İsrail, Yunanistan ve Kıbrıs, Doğu Akdeniz’de artan askerî gerilimler karşısında bölgesel güvenliği güçlendirmek amacıyla Kudüs’te stratejik bir zirve düzenleyerek, ortak hızlı müdahale gücü kurma olasılığını masaya yatırıyor.
YDH- İsrail, Yunanistan ve Kıbrıs liderleri yarın işgal altındaki Filistin'in başkenti Kudüs’te bir araya gelerek Doğu Akdeniz’de askeri iş birliğinin güçlendirilmesini görüşecek.
Üçlü zirve, bölgedeki artan askerî faaliyetler karşısında özellikle Atina’nın algıladığı kaygılar ışığında düzenleniyor.
Toplantının öncesinde, İsrail Başbakanı Benyamin Netanyahu’nun Yunanistan Başbakanı Kiryakos Miçotakis ve Kıbrıs Cumhurbaşkanı Nikos Hristodulidis ile ikili görüşmeler gerçekleştirmesi bekleniyor.
Ardından yapılacak üçlü zirvede, alınan kararlar ortak bir basın açıklamasıyla kamuoyuna duyurulacak.
İsrail medyası i24NEWS'un iddiasına göre, ''bölgede son dönemde artan askerî hareketlilik ve Türkiye’nin faaliyetlerindeki yükseliş, Atina’nın güvenlik endişelerini derinleştirirken, zirvenin gündeminde bu kaygılara cevap niteliğinde bir hızlı müdahale askerî biriminin kurulması ihtimali de bulunuyor''.

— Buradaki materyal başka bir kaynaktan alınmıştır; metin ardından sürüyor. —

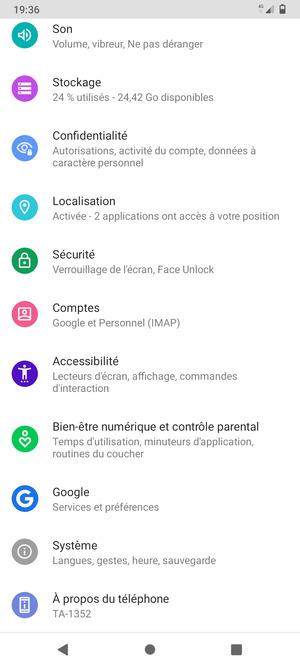 Faites défiler et sélectionnez Système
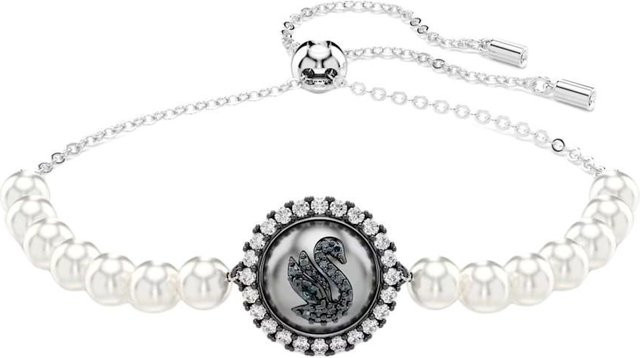 Swarovski Armband, Zirkonia, Kristall, Perle, Grau, Damen - Bild 1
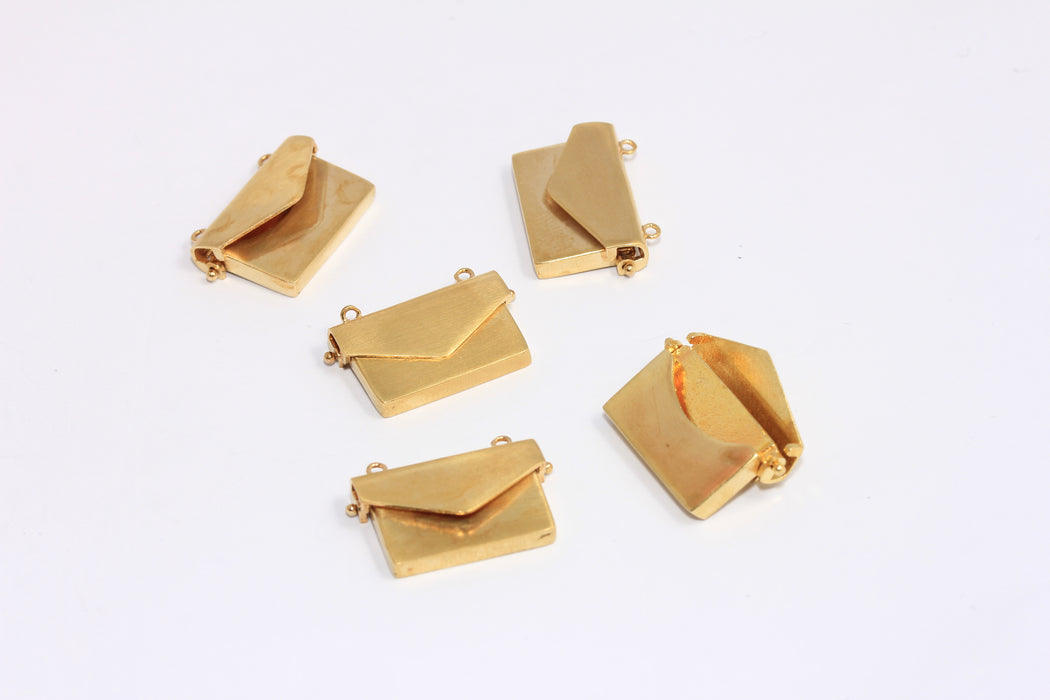 13x19mm Raw Brass Envelope Charms, Letter Envelope Pendant, CHK89-4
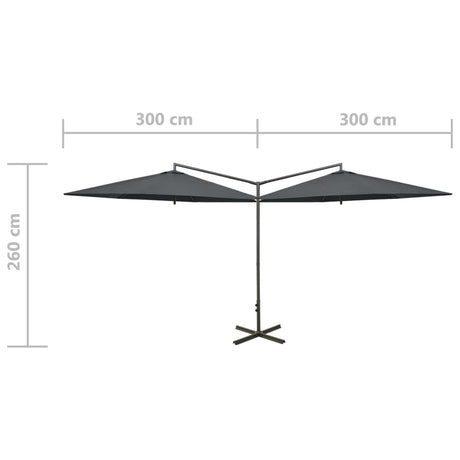 Parasol dubbel met stalen paal 600 cm antracietkleurig - AllerleiShop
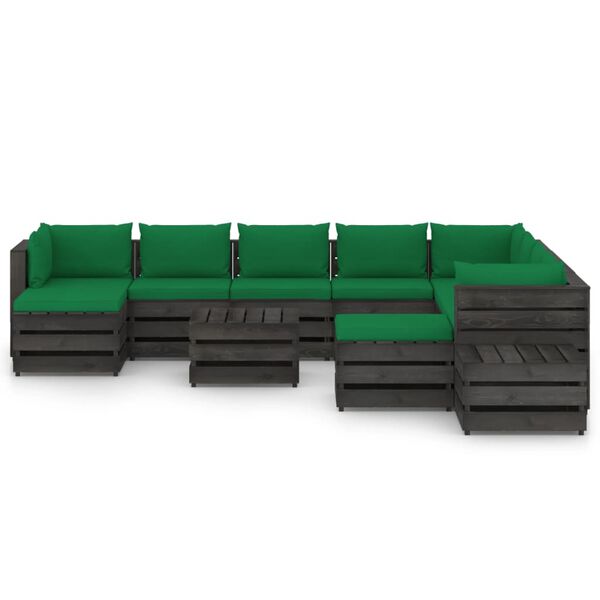 vidaXL Sodo komplektas su pagalvėlėmis, 12 dalių, impregnuota mediena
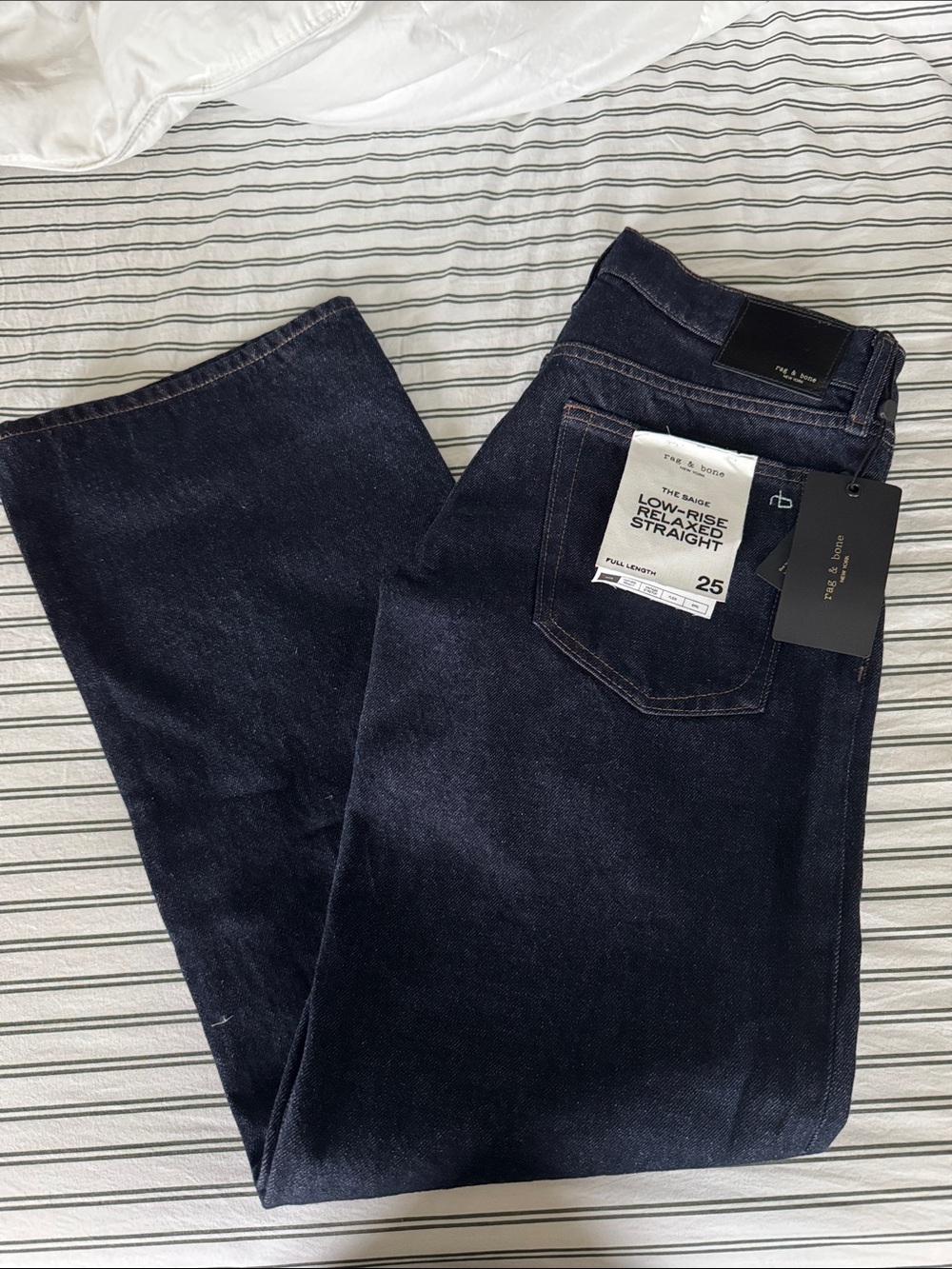 Rag & Bone Low-Rise Relaxed Straight Dark Wash Jeans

i24NEWS muhabiri Amichai Stein’ın geçtiğimiz hafta aktardığı haberler, üç ülkenin böyle bir ortak güç oluşturma olasılığını gündeme getirmişti.

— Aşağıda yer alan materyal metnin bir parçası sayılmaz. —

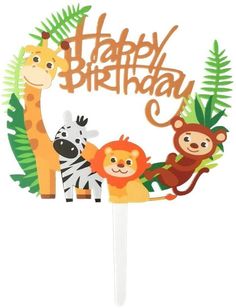 a happy birthday cake topper with animals and monkeys in the jungle, on a white background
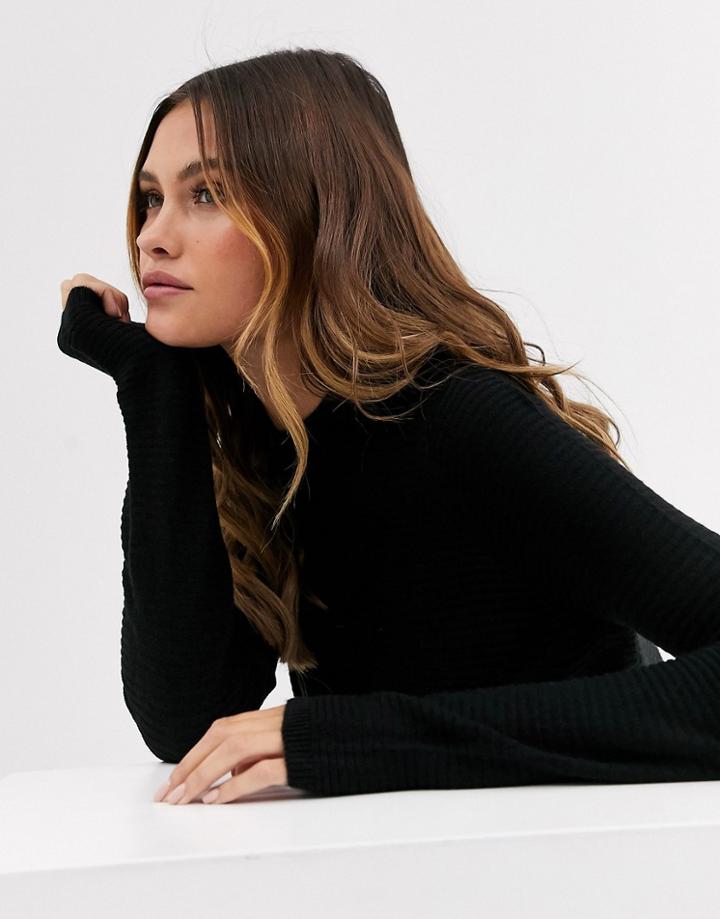 Vero Moda High Neck Ribbed Sweater-black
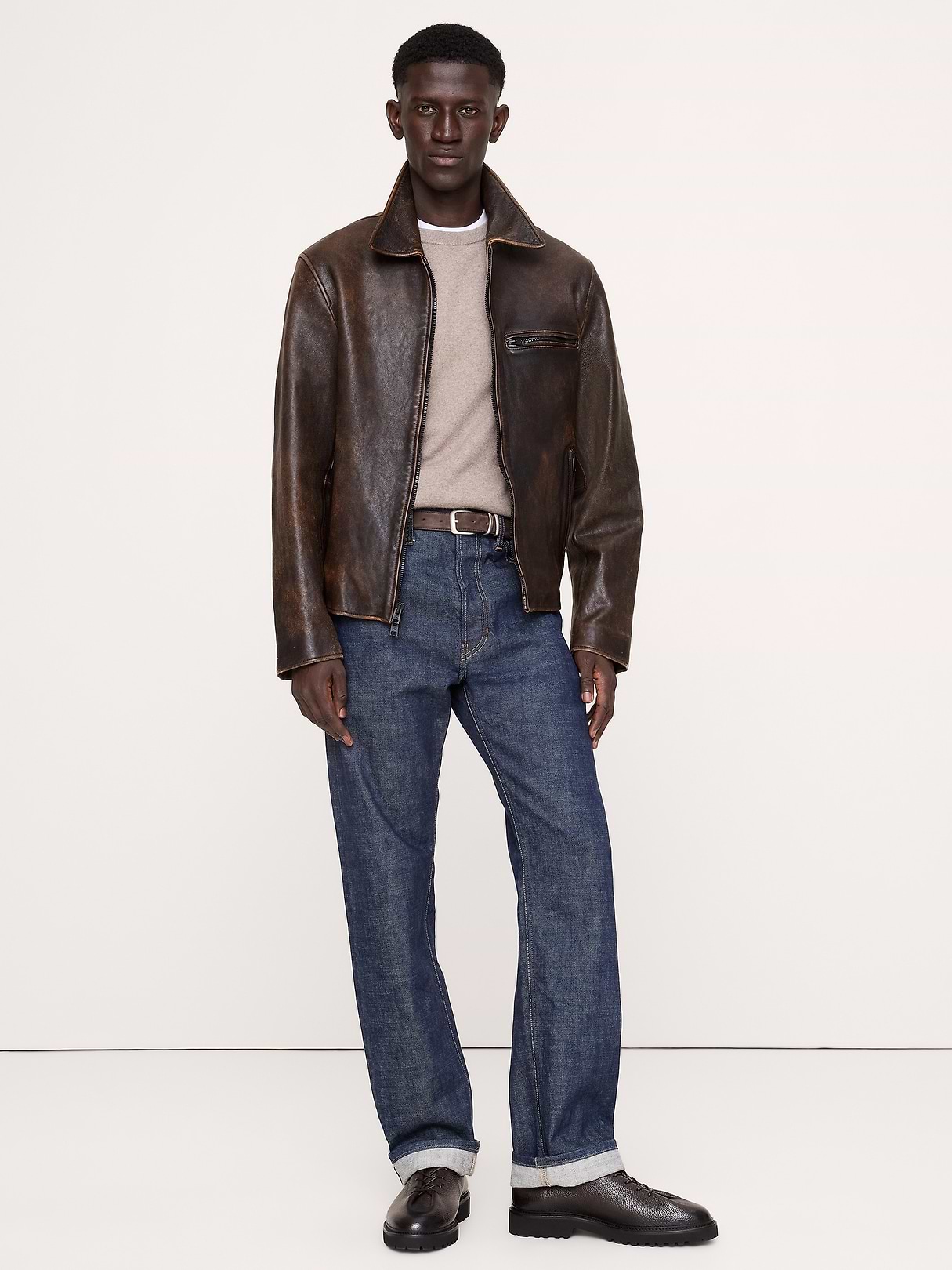 Leather Racing Jacket | Banana Republic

Uzmanlar, hızlı müdahale gücünün, İsrail, Yunanistan ve Kıbrıs arasında askerî ve stratejik koordinasyonun artırılması, hazırlık seviyesinin yükseltilmesi ve bölgesel askeri kapasitesinin güçlendirilmesi açısından kritik bir adım olduğunu belirtiyor.

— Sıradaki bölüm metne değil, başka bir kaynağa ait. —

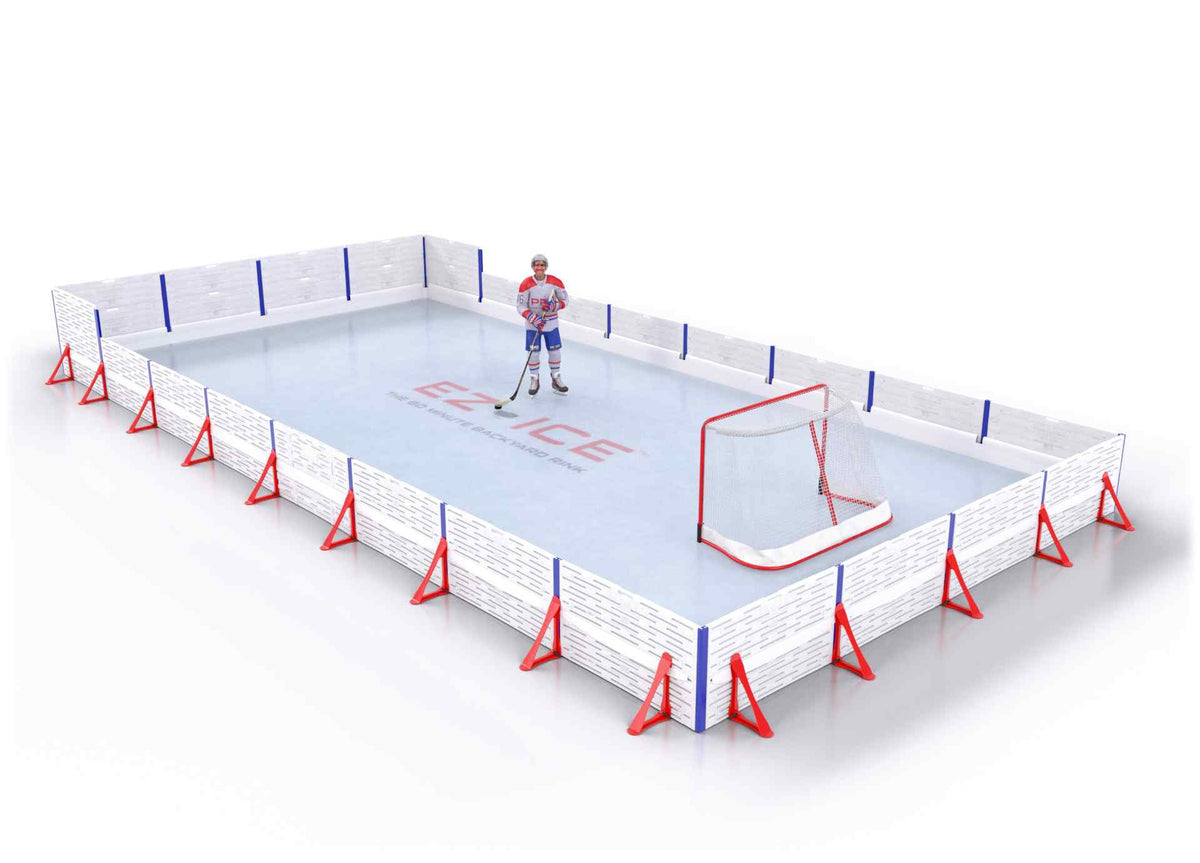EZ ICE PRO Home Arena System ™ – New Rink: [PRO // 20ft * 40ft // Arena-Double-Double // Square Corners // No Bumpers] - 020040ADDSXX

Girişimin özellikle Atina’nın bölgedeki askerî dengeye ilişkin endişelerinden kaynaklandığı vurgulanıyor.
Bu zirvenin bölgedeki stratejik ortaklığı pekiştirerek, savunma alanındaki iş birliğini derinleştirebileceği ve bölgesel güvenlik sorunlarına daha koordineli, kapsamlı bir yanıtın sinyallerini verebileceği iddialar arasında. Bu bağlamda, Doğu Akdeniz’deki güvenlik mimarisinde önemli bir dönüm noktası olarak değerlendirilen zirve, üç ülke arasındaki ittifakın yeni aşamasını simgeliyor.
Gözlemciler, bölgede artan jeostratejik rekabet ve İsrail’in Türkiye karşıtı hamlelerinin ardından, Ankara’nın Doğu Akdeniz ve genel olarak Ortadoğu’da güvenilir, dengeli ve yayılmacılığa karşı uzlaşı temelli ittifaklar kurma arayışını hızlandırmasının kaçınılmaz olduğu konusunda hemfikir.
Ayrıca, İsrail’in Yunanistan ve Kıbrıs ile askerî iş birliğini derinleştirmesi, Türkiye’nin bölgesel nüfuzunu sınırlama stratejisinin bir parçası olarak okunuyor.
Haliyle bu durum, Ankara’yı müttefik portföyünü genişletmeye ve bölgesel güç dengelerinde daha esnek bir pozisyon almaya zorlayacak jeopolitik bir zorunluluğu beraberinde getiriyor.